> Information provided
——
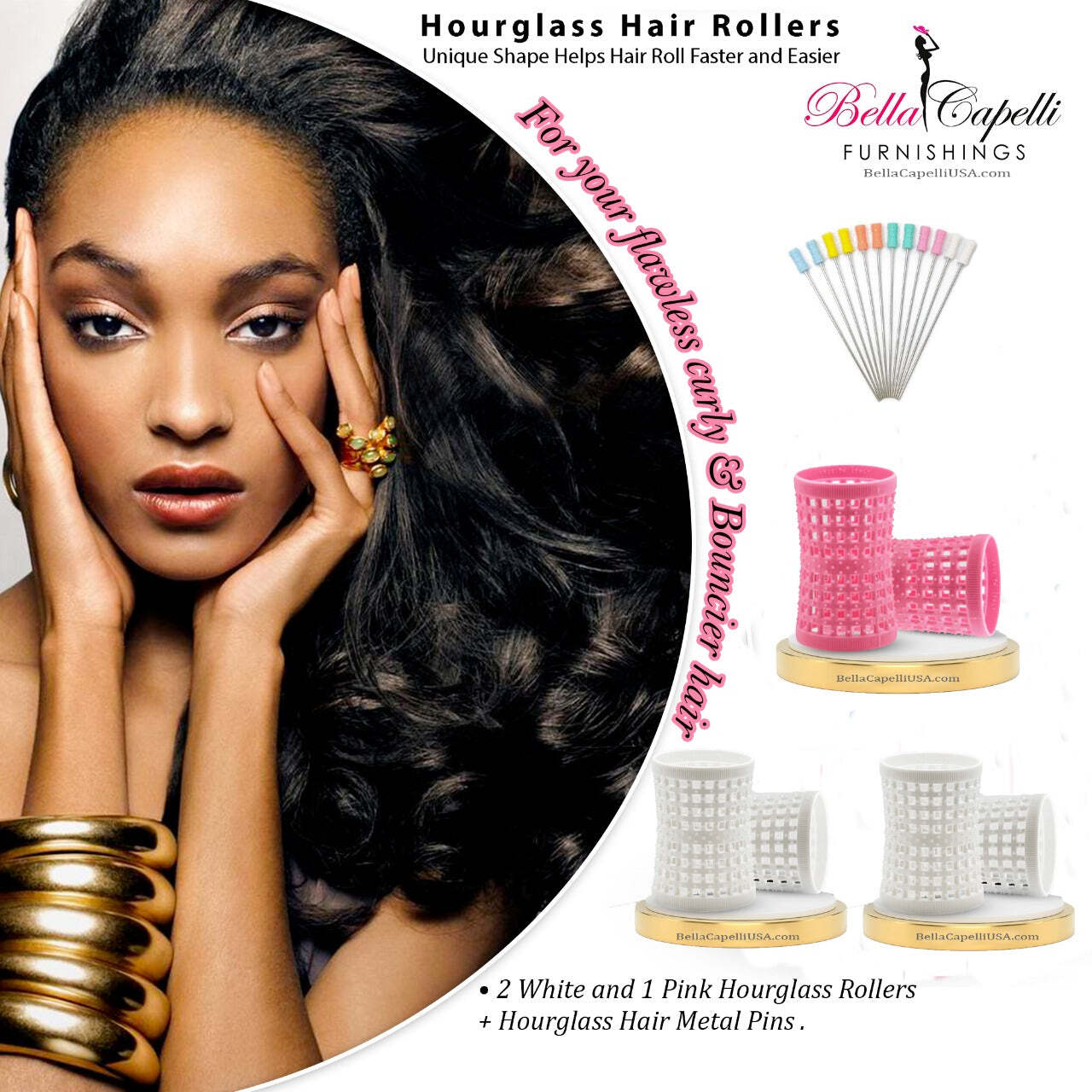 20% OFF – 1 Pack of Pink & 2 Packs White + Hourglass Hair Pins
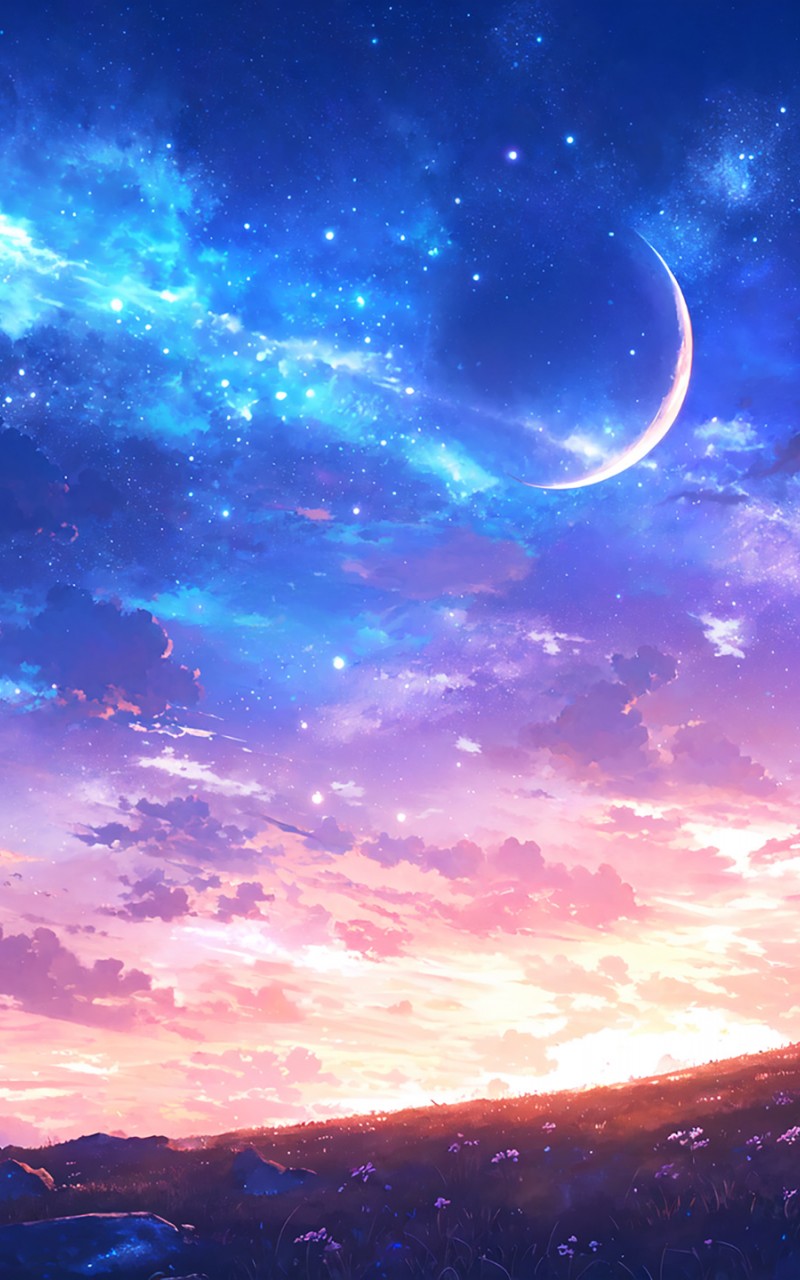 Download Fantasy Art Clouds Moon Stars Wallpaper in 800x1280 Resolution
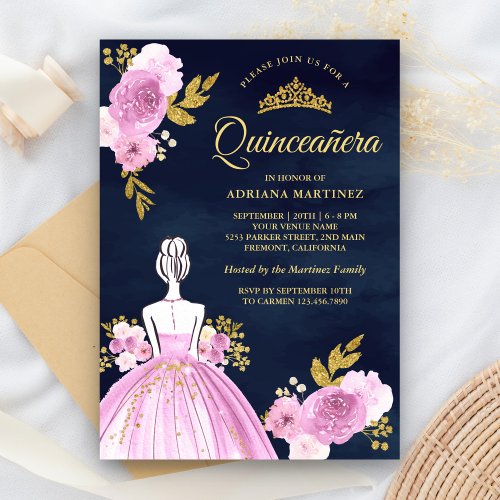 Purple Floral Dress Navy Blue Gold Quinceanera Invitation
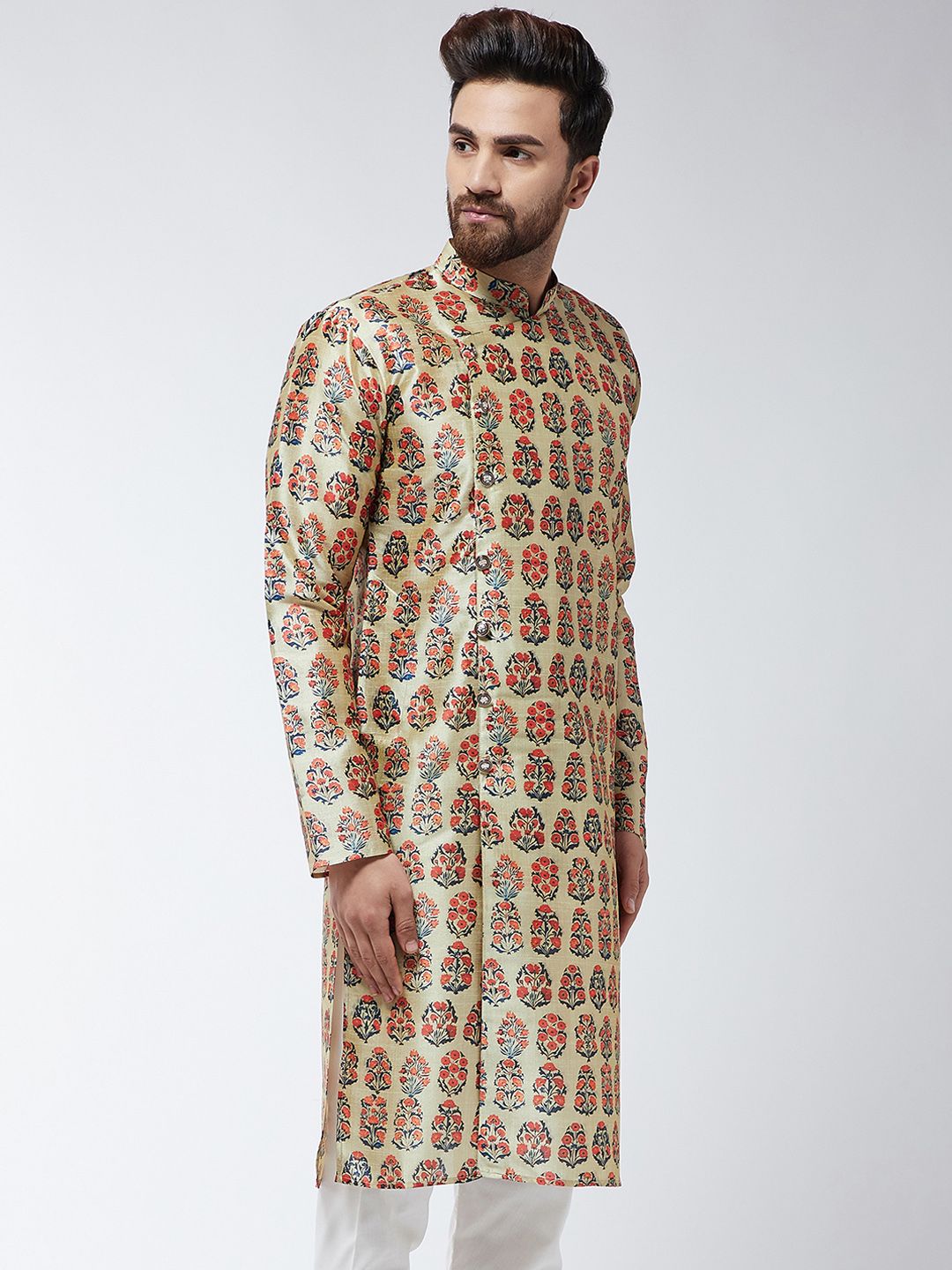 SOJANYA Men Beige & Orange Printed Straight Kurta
——
> Required action
An exact copy is needed of the lines running from the one with "Download Fantasy Art" through the end of the data above, and of those lines only, without pictures.

> Your response
 Download Fantasy Art Clouds Moon Stars Wallpaper in 800x1280 Resolution
 Purple Floral Dress Navy Blue Gold Quinceanera Invitation
 SOJANYA Men Beige & Orange Printed Straight Kurta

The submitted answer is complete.